Never "quick fix now, investigate later." There is no later. The quick fix becomes permanent. The investigation never happens. The root cause festers. Fix it right or do not fix it.
Regression test must fail without fix. A test that passes whether or not the fix is present is not a regression test. It provides no protection.

Escalation

Red flag: "It's probably X, let me fix that." STOP. This is guessing, not debugging. You skipped Phase 1. Go back to investigation.
Red flag: "One more fix attempt" after 2 failed attempts. STOP. You are about to hit the 3-attempt wall. Step back and question your mental model of the system. Re-read the code from scratch. Consider that your understanding of how the system works may be wrong.
Cannot reproduce the bug: If you cannot make the bug happen consistently, you cannot debug it scientifically. Document exactly what you tried, what environment you tested in, and escalate. Do not guess at a fix for a bug you cannot reproduce.

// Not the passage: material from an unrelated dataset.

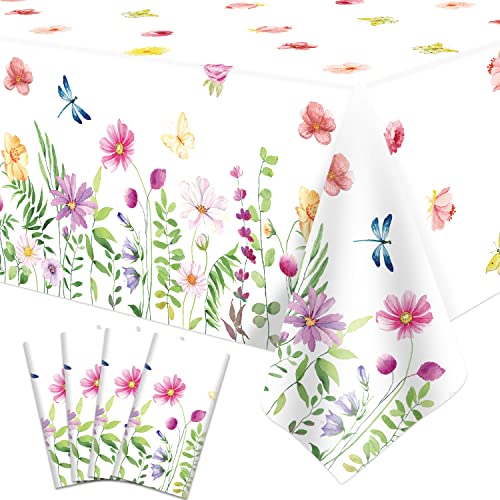 4 Stück Sommer Blumen Tischtuch Wilde Blumen Tischtuch Kunststoff Frühling Blumen Tischtuch Sommer Blume Einweg-Tischdecke für Party-Dekorationen 51 x 86 Zoll von Dvaorc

Bug is in a dependency you do not control: Document the bug, write a test that demonstrates it, and escalate. If a workaround is needed, clearly mark it as a workaround with a reference to the upstream issue.
Investigation reveals a systemic issue: If the bug is a symptom of a larger architectural problem (e.g., widespread race conditions, fundamental type unsafety), escalate to the human. A local fix will not solve a systemic problem.
Debug session exceeds 60 minutes without progress: Something is wrong with the approach. Stop. Summarize what you know in the session file. Take a break (context reset). Return with fresh eyes and re-read the session file from the beginning.